Now, consider what is meant by ‘increased awareness of God and the world’
There is a section of scripture in John 5 where Jesus explains to us that his authority is relational authority. In other words, his authority arises from his intimacy with the Father. Then Jesus explains what relational authority actually looks like. He only does what he does because of His ‘awareness of God and the world around him.’ You can read the entire passage later but for now, consider how Jesus says that he can do nothing on His own accord, but only what He sees the Father doing. For the Father loves the Son and shows him all that He Himself is doing. (my paraphrase of John 5:19-20)

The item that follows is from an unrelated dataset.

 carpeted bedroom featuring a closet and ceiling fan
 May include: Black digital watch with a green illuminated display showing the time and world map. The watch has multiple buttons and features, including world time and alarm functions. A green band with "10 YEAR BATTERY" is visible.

One of the primary reasons for practicing the spiritual disciplines is to nurture one’s awareness to God, people, creation, ourselves.

Scripture tells us that Jesus would only do what the Father was doing. However, scripture also makes us realize ‘Intimacy’ and “Awareness’ precluded ‘Doing.’

David Benner has a book scheduled to release Sept 2014 called Presence and Encounter. Recently he offered a brief quote from the book, “Being present involves an intentional shift from a mode of doing to a mode of being. It is an orientation towards one’s experiences in the present moment that is characterized by openness and curiosity.”

He also references a quote from John O’Donohue . “Where there is depth of awareness, there is reverence for presence. But where consciousness is dulled, distant, or blind, presence grows faint and vanishes.”

Even if you have never read any literature on the spiritual disciplines, I’m believing you can think of one or two things that if you were to engage in them as a practice, there is a pretty good chance you would experience an increase in your awareness and curiosity?

For instance, have you ever actually stopped to smell a rose? Try it. It’s true. You immediately increase your awareness of the present and it’s actually a pleasant experience.

What might you begin doing as early as tomorrow that would help you cultivate your awareness, curiosity, and openness to what is going on around you? Consider all of your senses as you ponder that question.

What might you cease doing as early as tomorrow that would help you heighten your awareness of what is going on around you, and in you?

Why not try a couple of experiments this week and put to the test John O’Donohues’, ‘where there is depth of awareness, there is reverence for presence.’ And I might add, ‘there is reverence for God’s presence through His creation.’